After the recent market meltdown, consumers are realizing that these assessments are inaccurate, vague, provide very little value or insight – and often exist to only satisfy obligatory compliance and legal requirements, rather than to provide serious investment risk mitigation and protection. I would like to see the financial services industry reevaluate the risk tolerance survey and develop more valuable and reliable methods for determining a consumer’s need for investment risk. This should include a stronger value proposition that helps consumers achieve their personal goals, while incurring as little investment risk as possible.
I recently got an email from a major online brokerage suggesting I re-plan my retirement exactly the same way I had planned it before the recent meltdown. Fool me once, shame on you. Fool me twice, shame on me. If consumers have learned anything, it’s that the market does go down, and it can go down dramatically. Many consumers also realize that there is little their advisers can do to predict such downturns. If they could, then the recent losses would have not been nearly as large, especially for their clients closest to retirement with moderate or low risk profiles.
Consumers now know that the risk tolerance questionnaire is really just a sales gimmick for advisers to suggest the achievability of the highest potential returns based on a client’s survey responses, while protecting the adviser from legal action if the returns are not met. Most advisers and consumers do not understand the portfolio theory behind these surveys. Even those who develop the stochastic models can’t defend their accuracy, value or the existence of key mathematical components such as correlation coefficients. But they are still being pushed by the industry, using key disclaimers such as “previous performance is not indicative of future returns,” as a way to offload the risk to consenting consumers.
Asking how much risk a consumer is willing to take is less honest than asking them how much they are willing to lose by gambling. Most risk assessments include absurd questions that give little exposure to the underlying mathematical risks such as (real question taken from a risk questionnaire),
How do you feel when you suffer a financial loss?
a. I think I’m a bad person.
b. I feel guilty.
c. I view it as a personal failure.
d. I see it as an obstacle to be overcome.
e. I almost never suffer losses, because I don’t take risks that would lose me money.
I would like to see the risk assessment that includes the question:
How much of your portfolio’s value are you willing to lose in a single year?
a. 5%
b. 10%
c. 20%
d. 30%
e. 40% or more
Most people would likely answer a or b. However, these two answers would put them in very low risk categories, meaning that the market returns that could reasonably be illustrated would be very modest and the advisers perceived value might be reasonably low as well. I’d venture to guess that most people who are less than 10 years away from retirement and invested in moderate risk model portfolios that recently lost more than 40% never knew their tolerance survey would have had them answering e.

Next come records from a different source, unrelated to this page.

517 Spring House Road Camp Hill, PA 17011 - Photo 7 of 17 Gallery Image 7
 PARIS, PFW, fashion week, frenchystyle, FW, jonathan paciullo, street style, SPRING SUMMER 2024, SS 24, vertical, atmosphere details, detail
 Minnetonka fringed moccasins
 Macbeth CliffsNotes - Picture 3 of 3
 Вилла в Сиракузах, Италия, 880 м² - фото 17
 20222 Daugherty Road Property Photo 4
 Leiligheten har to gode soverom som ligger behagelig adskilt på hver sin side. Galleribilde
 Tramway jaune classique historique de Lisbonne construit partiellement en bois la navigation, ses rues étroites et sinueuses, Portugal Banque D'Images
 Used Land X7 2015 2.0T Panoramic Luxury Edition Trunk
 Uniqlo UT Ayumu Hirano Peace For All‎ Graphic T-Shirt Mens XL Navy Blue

Without really digging into their clients’ personal needs, goals, deeper financial issues, or tolerance for market risk, how can an adviser recommend a reasonable model portfolio — no matter what the risk questionnaire says? Once a reasonable financial plan is built true guidance can be provided. Advisers need to educate consumers in the idea that increasing savings, reducing expenses and developing alternate strategies can do a lot to reduce the need to take investments risks. Advisers should focus less on how much risk the consumer is willing to tolerate and more on what the market can reasonably do to help them achieve their financial goals. In the long run this will increase customer satisfaction and assets under management. Without this change, consumers are going have less tolerance for the financial services industry.